Back in the Hospital - Round 11

I just realized that I have 46 unique text threads going related to Shirley’s current medical situation.  Not only is this not sustainable, but it’s hard to keep track of who I have told what to.  So, I’m reverting back to her old transplant blog to provide everyone with a common set of updates.  I plan to use this entry to let you know her current status and going forward, I’ll provide both recent updates and some background for those trying to catch up.

The situation as of today, Sunday, October 6:  Shirley is at St. Vincent’s Medical Center.  This is the 11th time she has been admitted to the hospital since late April.  She came in on Thursday at the urgent request of her primary care doctor because of highly elevated numbers indicating kidney failure. 

As of Sunday evening, she has now had two dialysis sessions. The second just finished, so we haven’t yet seen the impact in terms of improved kidney function, but the first dialysis session yielded improvements to both her BUN (from 128 to 74) and Creatine levels  (from 4.16 to 2.87).  For those interested in the meaning behind these numbers, here’s a link.
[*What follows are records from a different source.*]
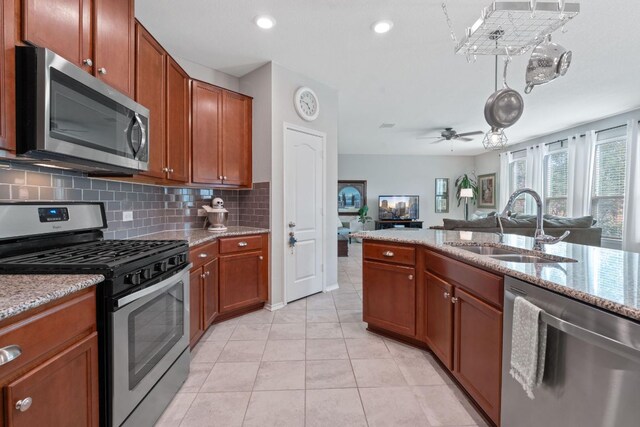 kitchen featuring appliances with stainless steel finishes, a sink, decorative backsplash, open floor plan, and brown cabinetry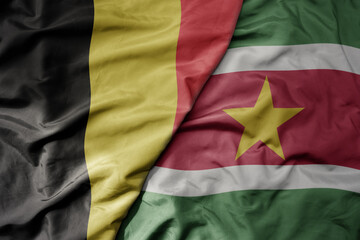 big waving national colorful flag of belgium and national flag of suriname .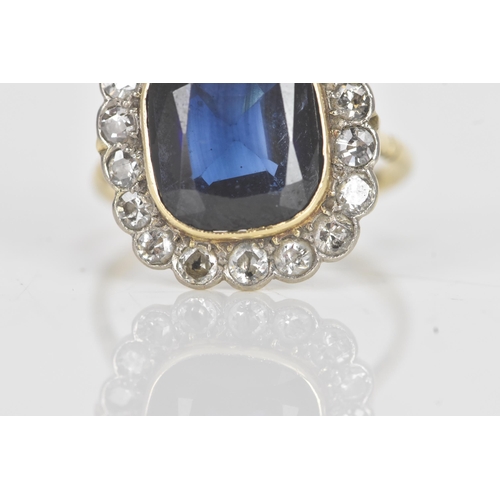 20A - An early 20th century synthetic sapphire and diamond 18ct gold cluster ring, the central cushion-cut... 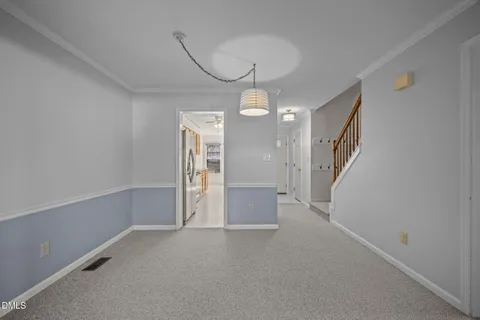 a view of an empty room with chandelier fan and a window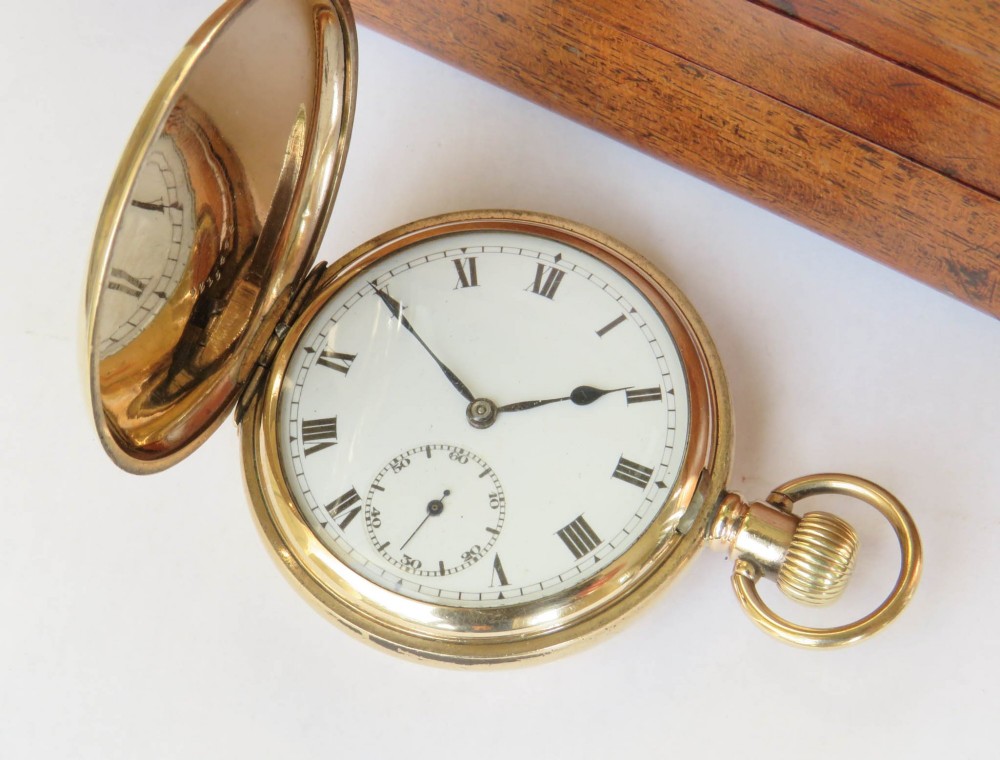 A 1930s gold full hunter pocket watch shown open to display a white enamel dial with Roman numerals and a subsidiary seconds dial. View II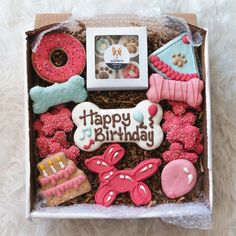 a box filled with lots of decorated cookies and pastries on top of a white blanket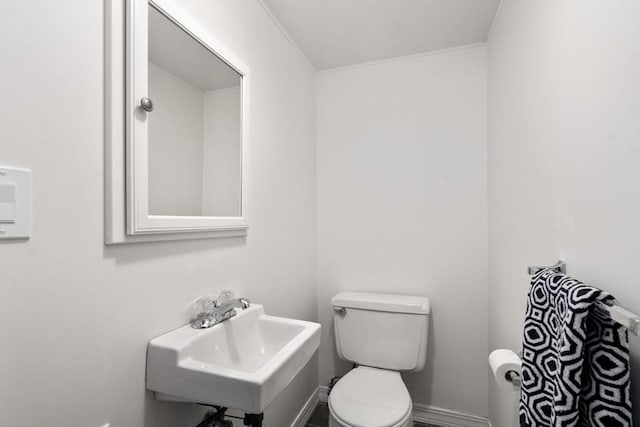 bathroom with toilet, baseboards, and a sink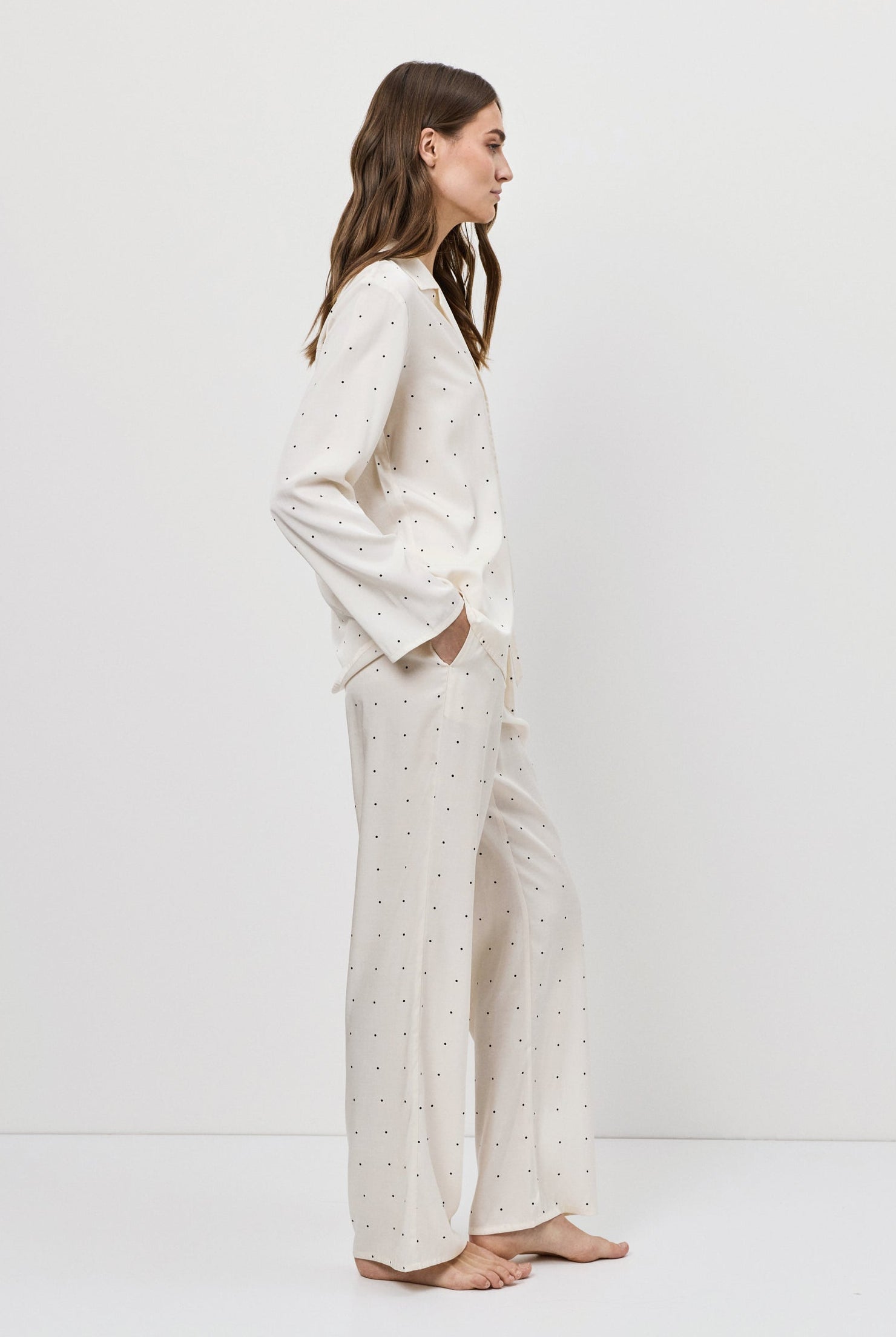 Woman wearing a white pajama set with a polka dot pattern on a plain background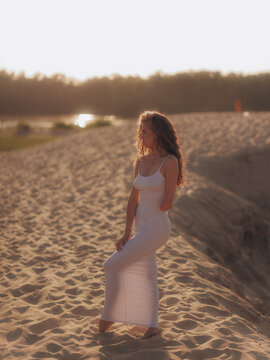 Amputee Woman Standing on Sand Dune at Sunset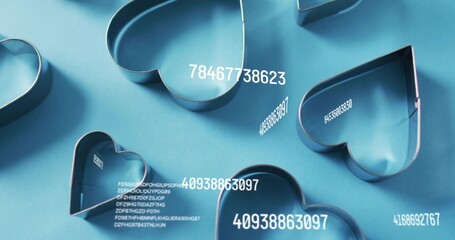 Displaying cluster of metal heart cookie cutters resting on blue tabletop, with white labels © vectorfusionart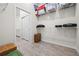 Bright storage space with built-in shelving, a closet, and tile flooring at 13133 Sunny Retreat Ln, Winter Garden, FL 34787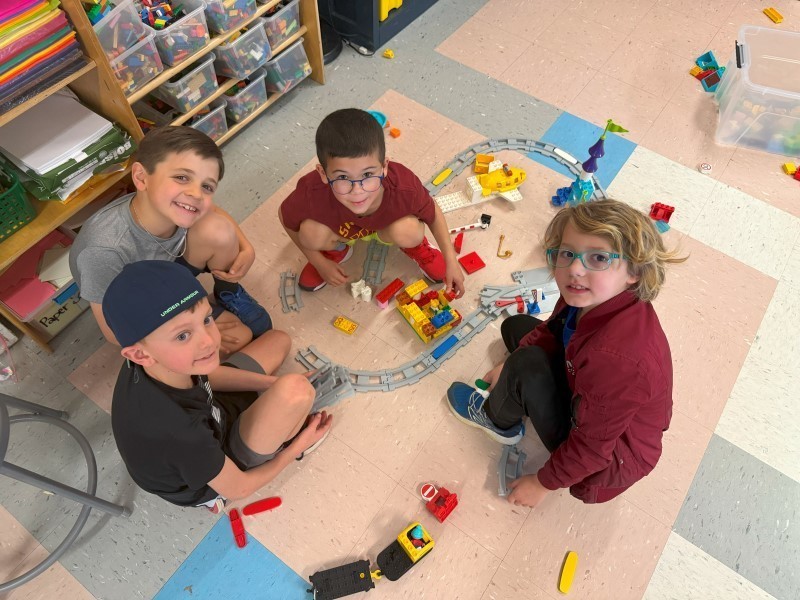 Four children on the floor playing with the Duplo sets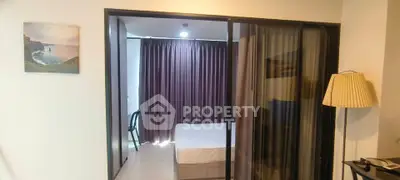 Modern bedroom with glass sliding doors and elegant decor in a stylish apartment.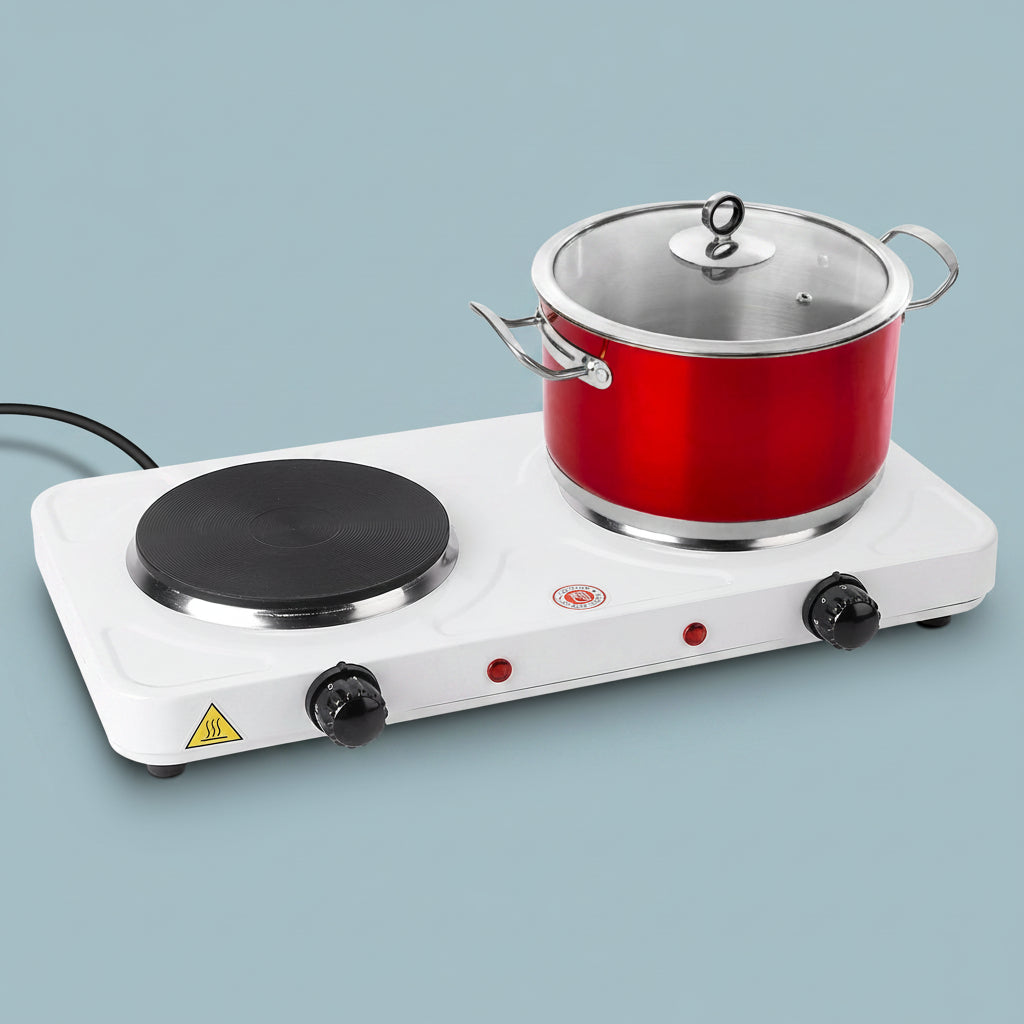 Single-burner electric stove with a red pot on a white background
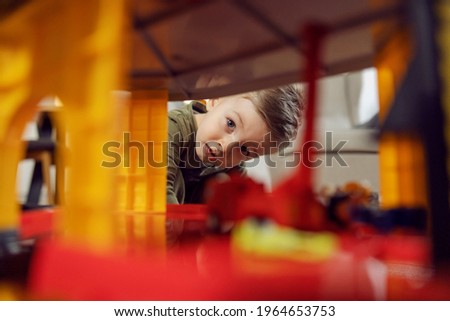 The boy explores while playing. A picture of a baby boy playing with toys indoors. A happy childhood in kindergarten, child development. Kids education in daycare, playing a game and growing up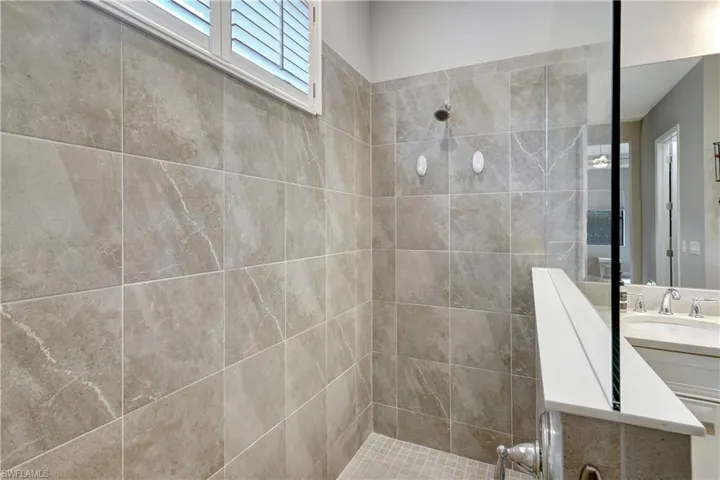 Bathroom with walk in shower and vanity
Before Shirley could have a dialysis treatment, they needed to install a port that could both draw and return blood.  On weekends, the only place to do this is in the ICU.  At about 1 pm on Saturday, Shirley was taken to the ICU for a port installation and I was told she would be taken directly to the dialysis clinic from there.  Here appointment in the clinic was for 2:40 pm.  Visitors were not allowed in either the ICU procedure room or the clinic, so I first waited in her upstairs room and then in a public waiting room nearby. Thanks to Tom Hauge for coming by and hanging out with me.  We were told they would call us when her treatment started, so we would know that she’d be returning to her room two hours later.  We arranged to have them call us when Shirley started her treatment – which didn’t come until 5:45 pm – which meant with transport that she didn’t get back to her room until after 8 pm.

Besides her kidney function, nutrition has become a major concern.  Shirley just doesn’t have much of an appetite and is eating far less than necessary to build needed muscles. She always eats her meals later than most people and we had arranged for her meals to be delivered to her room at 10 am, 2 pm and 7 pm.  On Friday, she nibbled on her breakfast eventually eating about a cup of scrambled eggs and one half piece of French toast.  For lunch, she had about 5 bits of grilled chicken and a few bites of mashed potatoes.  She never got around to eating dinner.  Saturday, she hadn’t started eating a meal before they came to take her to the ICU at 1 pm and when she came back, she was too exhausted to eat.  Shortly after midnight, she choked while trying to drink some water and that caused them to cease all feeding until a swallow assessment could be conducted.  When they came to do this Sunday morning, she refused to do the test.  As a result, as of 11 pm Sunday night, she has not had anything to eat in nearly 60 hours.

To remedy this, the plan is to install a feeding tube that can be used to provide her with high nutrient fluids.  The tube is called an NG tube (nasal-gastro) and is run through one nostril, down the back of the throat and into the stomach.  More on this in a moment.

A third issue is Shirley’s oxygen levels.  Since arriving at the hospital, Shirley has been receiving small doses of supplemental oxygen. But a few hours after returning from the dialysis treatment, her needs when way up.  She’s now getting 15 liters – which is the maximum that can be administered from the oxygen in the room.

Now, back to the NG-tube:  in order to install this tube, her nasal canula that delivers the oxygen would need to be removed for several minutes.  This makes an uncomfortable procedure become much more challenging and dangerous, as her O2 levels would reach critical levels.  For this reason, it was determined that the installation should be done in a surgery room under anesthesia.  This removes the discomfort element and makes it much safer, BUT means they can’t do it until Monday morning, so she’ll go another 12 hours without food.

She is receiving a dextrose fluid via IV.  This provides some basic fuel to her blood to feed her cells, but no protein or other nutrients.